_Collected material_.
= = = =
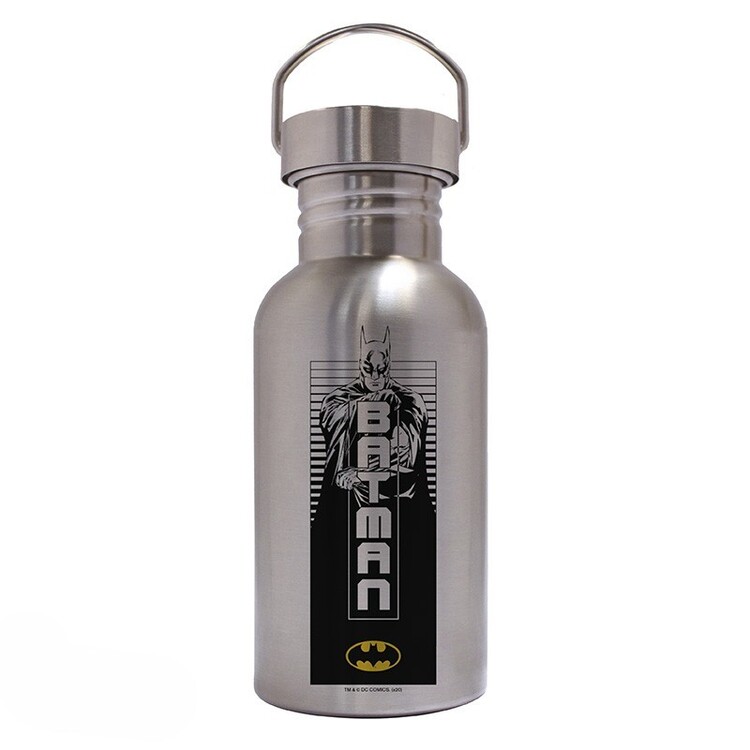 Levně Láhev DC Comics - Batman, 0,5 l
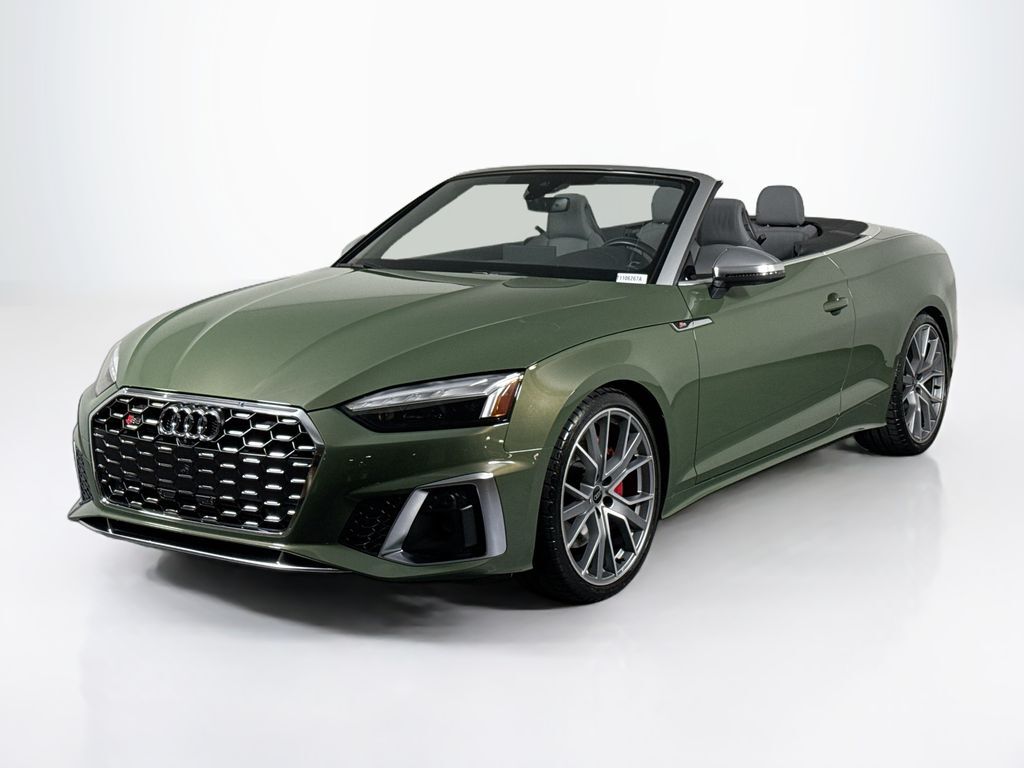 2023 AUDI S5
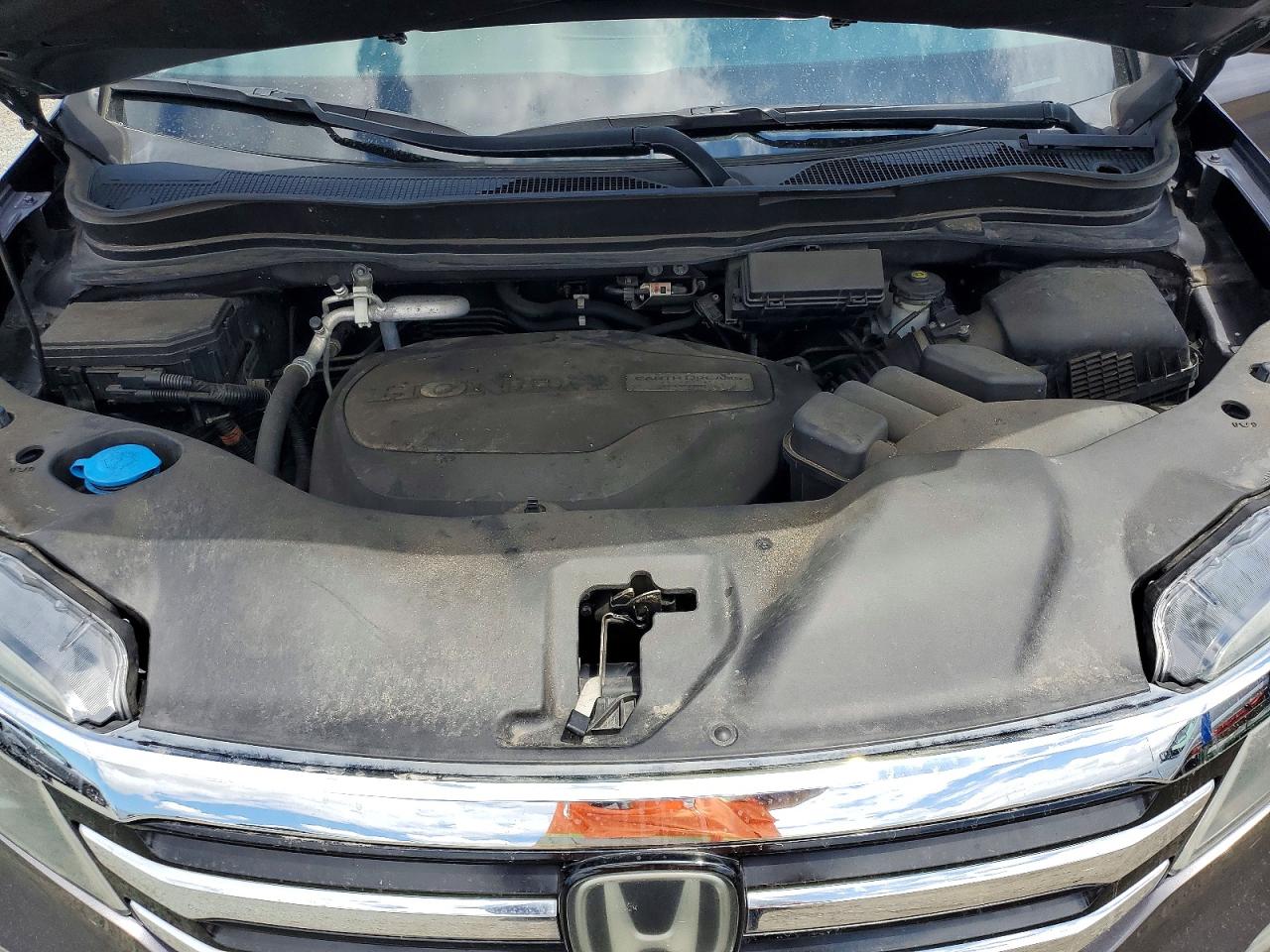 Honda Pilot Touring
= = = =
_Work instructions_. Please repeat all of the data exactly as it stands, leaving the pictures out.

_Response area_.
 Levně Láhev DC Comics - Batman, 0,5 l
 2023 AUDI S5
 Honda Pilot Touring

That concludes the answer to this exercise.